И вот в другом, очень хорошем письме, присланном в редакцию читателем В. Бережным, водителем одесского трамвая, выражено недоумение, как это такая идейная Варя может мечтать о том, чтобы Анатолий вернулся.

Так ведь любовь, товарищ Бережной! Вот к Варе «прилепился сердцем» очень хороший парень Василь, ее товарищ по работе и совершенный единомышленник. А она уговорила его уехать, не терзаться зря. Не могу не повторить несколько строчек из письма этого Василя: «За что, Варюня, наказываешь меня так жестоко? Ведь я для тебя души не пожалею. Я одно хочу: жить за ради тебя с Мишей, который будет мне лучше, чем сын. Ну что ты уперлась! Сама не живешь, как следует, и человека не хочешь осчастливить».

Любовь напрасно кажется некоторым читателям (боюсь, что порой и писателям) чем-то вроде проводимого раз в два года конкурса на замещение штатной должности доцента. Пришел лучший кандидат — освобождай место. Нет же, Варя любит, она готова многим для этой любви пожертвовать. Она ждет Анатолия и мучается, и никакой другой — самый лучший — его не заменит.

А вот согласиться с Толиным миропониманием не может. Даже решившись уступить, — не может. Как правильно написал тот же товарищ Бережной, «ей совсем не нужен мир любой ценой, мир на любых условиях».

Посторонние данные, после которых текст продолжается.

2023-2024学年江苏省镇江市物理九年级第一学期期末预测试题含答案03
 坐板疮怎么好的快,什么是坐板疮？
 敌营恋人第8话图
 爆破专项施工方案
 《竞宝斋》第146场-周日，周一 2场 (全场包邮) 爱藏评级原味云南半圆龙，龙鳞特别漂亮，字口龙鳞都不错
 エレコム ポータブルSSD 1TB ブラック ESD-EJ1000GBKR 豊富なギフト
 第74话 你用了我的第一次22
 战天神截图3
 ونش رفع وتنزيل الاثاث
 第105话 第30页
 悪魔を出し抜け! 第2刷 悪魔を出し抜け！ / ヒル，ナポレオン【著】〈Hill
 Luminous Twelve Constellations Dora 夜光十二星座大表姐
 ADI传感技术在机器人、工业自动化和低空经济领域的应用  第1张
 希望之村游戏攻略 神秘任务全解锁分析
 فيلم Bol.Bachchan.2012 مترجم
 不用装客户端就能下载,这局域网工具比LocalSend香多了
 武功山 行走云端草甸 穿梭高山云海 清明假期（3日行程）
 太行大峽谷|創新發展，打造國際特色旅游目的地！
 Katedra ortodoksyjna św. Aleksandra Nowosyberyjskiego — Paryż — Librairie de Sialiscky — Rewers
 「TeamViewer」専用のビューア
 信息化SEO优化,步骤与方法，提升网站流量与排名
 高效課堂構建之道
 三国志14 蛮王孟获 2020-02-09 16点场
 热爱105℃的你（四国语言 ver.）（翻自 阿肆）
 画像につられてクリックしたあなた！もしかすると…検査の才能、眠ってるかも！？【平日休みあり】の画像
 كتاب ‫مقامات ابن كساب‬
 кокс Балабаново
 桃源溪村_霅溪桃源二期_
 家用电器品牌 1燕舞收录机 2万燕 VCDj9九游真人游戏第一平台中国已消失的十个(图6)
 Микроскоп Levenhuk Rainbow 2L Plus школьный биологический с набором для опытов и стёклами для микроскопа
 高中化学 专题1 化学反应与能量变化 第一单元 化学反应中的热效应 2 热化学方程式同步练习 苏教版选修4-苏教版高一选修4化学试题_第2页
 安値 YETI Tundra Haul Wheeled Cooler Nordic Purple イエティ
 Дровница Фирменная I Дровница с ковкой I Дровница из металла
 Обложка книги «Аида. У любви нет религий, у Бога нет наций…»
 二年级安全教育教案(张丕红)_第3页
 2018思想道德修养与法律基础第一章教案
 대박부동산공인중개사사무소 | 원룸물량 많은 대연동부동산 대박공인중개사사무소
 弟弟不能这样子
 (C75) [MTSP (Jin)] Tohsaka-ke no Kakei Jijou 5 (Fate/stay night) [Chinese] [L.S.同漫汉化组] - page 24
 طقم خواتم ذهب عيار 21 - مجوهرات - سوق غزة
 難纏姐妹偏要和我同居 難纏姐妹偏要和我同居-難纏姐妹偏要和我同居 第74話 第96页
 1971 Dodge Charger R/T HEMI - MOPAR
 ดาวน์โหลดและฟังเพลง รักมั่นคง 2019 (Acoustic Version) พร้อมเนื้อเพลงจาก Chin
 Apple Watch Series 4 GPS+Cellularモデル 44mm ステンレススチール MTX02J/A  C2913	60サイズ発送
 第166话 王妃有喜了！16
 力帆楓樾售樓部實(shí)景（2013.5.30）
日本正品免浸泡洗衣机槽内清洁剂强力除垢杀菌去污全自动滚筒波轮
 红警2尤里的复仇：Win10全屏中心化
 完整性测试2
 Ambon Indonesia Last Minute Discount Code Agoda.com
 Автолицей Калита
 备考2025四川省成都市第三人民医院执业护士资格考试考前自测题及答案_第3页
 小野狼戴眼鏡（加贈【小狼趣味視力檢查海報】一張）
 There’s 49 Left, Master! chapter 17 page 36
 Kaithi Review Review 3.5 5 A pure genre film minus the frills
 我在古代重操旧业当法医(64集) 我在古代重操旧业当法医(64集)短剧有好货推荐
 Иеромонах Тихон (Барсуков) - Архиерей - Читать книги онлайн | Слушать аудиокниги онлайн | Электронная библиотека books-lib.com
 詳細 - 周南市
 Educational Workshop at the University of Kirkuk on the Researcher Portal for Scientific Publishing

Ханжество и свинство утверждать, что перевыполнение норм важнее семьи. Конечно, лучше было бы, если бы Варя и жена Эн прекрасно вели хозяйство, холили и нежили мужей. Где-то их широта действительно граничит с безалаберностью. Они вовсе не идеальны. Но есть в характере Вари и женщин, похожих на нее, нечто более важное по настоящему человеческому счету. Варя — надежный друг, она — человек…

Часы, которые спешат на полминуты, никогда не показывают абсолютно правильное время. Часы, которые стоят, показывают правильное время два раза в сутки. Эн явно предпочитает часы, которые стоят…

Я с удовольствием принимаю обвинения в симпатиях к своей героине. И согласен с читателем А. Т. Онипченко из армянского города Октемберяна: «Характер у Вари красивый, настоящий характер».